## PROBLEM DETAILS
Set out the listing word for word. End with the line that contains "Bardwil Linens Satin".

[[ PROVIDED DATA open ]]

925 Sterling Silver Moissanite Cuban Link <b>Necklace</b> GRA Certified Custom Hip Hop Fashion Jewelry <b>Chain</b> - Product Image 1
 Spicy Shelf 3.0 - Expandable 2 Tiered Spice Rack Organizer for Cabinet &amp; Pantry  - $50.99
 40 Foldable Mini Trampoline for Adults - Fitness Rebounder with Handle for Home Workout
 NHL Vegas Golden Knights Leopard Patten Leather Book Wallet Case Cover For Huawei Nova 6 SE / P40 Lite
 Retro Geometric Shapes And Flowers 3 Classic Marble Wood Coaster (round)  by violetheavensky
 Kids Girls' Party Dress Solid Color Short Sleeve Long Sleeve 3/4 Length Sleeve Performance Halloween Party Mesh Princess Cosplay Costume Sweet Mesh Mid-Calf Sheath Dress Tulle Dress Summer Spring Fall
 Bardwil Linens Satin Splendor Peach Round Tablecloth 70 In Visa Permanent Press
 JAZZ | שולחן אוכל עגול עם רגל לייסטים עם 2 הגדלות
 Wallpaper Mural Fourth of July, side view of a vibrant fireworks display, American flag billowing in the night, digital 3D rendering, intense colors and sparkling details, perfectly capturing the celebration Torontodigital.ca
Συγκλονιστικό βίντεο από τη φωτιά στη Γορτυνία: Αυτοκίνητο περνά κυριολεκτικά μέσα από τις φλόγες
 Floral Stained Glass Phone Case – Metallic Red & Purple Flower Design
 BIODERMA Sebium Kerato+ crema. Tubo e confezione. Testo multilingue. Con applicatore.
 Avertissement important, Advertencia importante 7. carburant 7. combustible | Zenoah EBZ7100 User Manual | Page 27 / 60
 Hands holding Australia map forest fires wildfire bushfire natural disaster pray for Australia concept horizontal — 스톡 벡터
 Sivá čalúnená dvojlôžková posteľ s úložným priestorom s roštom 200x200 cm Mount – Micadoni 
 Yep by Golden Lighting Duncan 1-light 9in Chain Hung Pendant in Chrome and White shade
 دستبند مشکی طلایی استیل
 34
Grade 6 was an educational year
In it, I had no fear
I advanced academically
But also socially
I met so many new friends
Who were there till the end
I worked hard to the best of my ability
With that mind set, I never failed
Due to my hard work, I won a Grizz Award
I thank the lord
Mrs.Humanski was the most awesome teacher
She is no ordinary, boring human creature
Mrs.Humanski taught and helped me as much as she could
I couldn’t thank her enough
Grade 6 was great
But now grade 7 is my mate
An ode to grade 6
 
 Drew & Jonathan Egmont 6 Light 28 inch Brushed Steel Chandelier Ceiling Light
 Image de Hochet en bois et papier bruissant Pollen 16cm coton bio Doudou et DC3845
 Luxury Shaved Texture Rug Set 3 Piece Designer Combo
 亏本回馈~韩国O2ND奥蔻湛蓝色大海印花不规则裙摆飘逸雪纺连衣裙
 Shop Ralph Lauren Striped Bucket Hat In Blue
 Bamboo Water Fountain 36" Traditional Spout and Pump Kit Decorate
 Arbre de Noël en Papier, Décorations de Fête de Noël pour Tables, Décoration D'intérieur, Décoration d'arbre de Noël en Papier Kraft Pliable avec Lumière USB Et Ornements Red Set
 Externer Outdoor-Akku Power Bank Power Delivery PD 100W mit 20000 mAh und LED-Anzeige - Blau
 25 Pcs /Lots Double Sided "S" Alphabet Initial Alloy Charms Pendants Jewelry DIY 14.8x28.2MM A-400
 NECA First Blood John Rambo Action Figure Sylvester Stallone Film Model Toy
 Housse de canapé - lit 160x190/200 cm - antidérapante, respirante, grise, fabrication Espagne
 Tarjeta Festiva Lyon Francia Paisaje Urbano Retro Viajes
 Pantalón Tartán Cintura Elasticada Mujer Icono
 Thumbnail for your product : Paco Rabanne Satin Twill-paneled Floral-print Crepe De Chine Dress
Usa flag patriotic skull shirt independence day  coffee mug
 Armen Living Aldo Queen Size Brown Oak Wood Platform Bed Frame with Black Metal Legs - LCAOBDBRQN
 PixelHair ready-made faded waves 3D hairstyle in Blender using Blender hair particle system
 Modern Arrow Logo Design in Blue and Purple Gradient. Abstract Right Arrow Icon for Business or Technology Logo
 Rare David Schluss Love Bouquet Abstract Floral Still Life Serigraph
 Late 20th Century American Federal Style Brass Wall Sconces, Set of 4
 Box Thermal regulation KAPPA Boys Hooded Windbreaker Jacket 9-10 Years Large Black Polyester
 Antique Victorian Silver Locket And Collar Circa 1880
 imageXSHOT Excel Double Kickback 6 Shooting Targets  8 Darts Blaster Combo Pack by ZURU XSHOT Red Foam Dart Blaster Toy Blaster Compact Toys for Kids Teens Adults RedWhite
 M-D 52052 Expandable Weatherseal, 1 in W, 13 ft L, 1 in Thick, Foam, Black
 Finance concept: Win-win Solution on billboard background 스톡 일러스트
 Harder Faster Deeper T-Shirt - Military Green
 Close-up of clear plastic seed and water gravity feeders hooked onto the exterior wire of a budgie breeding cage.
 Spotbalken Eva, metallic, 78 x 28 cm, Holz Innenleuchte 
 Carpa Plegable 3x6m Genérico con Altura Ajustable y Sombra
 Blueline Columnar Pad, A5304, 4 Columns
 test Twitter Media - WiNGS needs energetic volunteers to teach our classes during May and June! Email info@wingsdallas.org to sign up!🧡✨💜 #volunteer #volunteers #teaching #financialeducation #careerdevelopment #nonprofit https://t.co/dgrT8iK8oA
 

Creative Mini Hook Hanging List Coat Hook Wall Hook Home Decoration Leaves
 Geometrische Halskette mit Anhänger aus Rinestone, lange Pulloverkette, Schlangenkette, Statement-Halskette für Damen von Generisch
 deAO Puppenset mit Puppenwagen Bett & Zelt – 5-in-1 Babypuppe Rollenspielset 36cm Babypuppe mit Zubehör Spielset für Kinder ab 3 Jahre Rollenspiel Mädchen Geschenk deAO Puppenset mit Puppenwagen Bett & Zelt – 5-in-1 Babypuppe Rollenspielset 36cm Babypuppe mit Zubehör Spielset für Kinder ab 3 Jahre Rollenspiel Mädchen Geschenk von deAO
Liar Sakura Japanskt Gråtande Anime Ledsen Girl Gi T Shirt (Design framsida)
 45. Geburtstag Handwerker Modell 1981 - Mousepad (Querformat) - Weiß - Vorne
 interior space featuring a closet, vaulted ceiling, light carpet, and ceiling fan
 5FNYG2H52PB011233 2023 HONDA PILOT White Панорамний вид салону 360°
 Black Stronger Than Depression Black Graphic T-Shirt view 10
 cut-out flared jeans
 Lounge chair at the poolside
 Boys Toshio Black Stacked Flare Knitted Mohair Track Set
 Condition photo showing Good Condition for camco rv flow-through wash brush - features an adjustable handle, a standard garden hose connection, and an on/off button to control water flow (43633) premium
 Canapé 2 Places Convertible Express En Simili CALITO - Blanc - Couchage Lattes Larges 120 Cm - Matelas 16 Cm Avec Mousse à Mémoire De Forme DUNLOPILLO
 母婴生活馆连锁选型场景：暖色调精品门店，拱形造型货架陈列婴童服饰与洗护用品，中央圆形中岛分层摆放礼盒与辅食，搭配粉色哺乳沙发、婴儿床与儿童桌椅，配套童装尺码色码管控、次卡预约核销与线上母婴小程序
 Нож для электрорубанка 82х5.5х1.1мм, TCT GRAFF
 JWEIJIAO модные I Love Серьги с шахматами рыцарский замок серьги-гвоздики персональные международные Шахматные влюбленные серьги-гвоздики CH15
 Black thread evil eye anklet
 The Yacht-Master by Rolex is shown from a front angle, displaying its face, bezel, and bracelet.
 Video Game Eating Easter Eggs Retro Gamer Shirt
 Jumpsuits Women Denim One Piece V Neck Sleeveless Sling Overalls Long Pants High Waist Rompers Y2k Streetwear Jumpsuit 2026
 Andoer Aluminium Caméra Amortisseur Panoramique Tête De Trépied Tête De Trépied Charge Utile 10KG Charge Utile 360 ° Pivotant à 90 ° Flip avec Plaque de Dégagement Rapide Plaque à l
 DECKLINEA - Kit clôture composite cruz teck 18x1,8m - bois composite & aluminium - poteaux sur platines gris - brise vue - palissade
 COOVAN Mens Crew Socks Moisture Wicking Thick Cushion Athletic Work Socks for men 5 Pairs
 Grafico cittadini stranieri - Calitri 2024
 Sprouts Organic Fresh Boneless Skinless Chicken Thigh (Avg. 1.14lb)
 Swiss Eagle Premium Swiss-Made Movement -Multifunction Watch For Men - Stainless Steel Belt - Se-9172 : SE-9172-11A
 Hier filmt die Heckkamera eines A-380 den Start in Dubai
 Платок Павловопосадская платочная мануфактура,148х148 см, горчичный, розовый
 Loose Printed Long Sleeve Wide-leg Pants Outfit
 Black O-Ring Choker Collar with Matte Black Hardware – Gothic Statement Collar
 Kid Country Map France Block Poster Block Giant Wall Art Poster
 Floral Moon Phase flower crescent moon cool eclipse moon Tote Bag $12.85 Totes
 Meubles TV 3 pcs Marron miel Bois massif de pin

[[ PROVIDED DATA closed ]]

## RESPONSE TO THE EXERCISE
925 Sterling Silver Moissanite Cuban Link <b>Necklace</b> GRA Certified Custom Hip Hop Fashion Jewelry <b>Chain</b> - Product Image 1
 Spicy Shelf 3.0 - Expandable 2 Tiered Spice Rack Organizer for Cabinet &amp; Pantry  - $50.99
 40 Foldable Mini Trampoline for Adults - Fitness Rebounder with Handle for Home Workout
 NHL Vegas Golden Knights Leopard Patten Leather Book Wallet Case Cover For Huawei Nova 6 SE / P40 Lite
 Retro Geometric Shapes And Flowers 3 Classic Marble Wood Coaster (round)  by violetheavensky
 Kids Girls' Party Dress Solid Color Short Sleeve Long Sleeve 3/4 Length Sleeve Performance Halloween Party Mesh Princess Cosplay Costume Sweet Mesh Mid-Calf Sheath Dress Tulle Dress Summer Spring Fall
 Bardwil Linens Satin Splendor Peach Round Tablecloth 70 In Visa Permanent Press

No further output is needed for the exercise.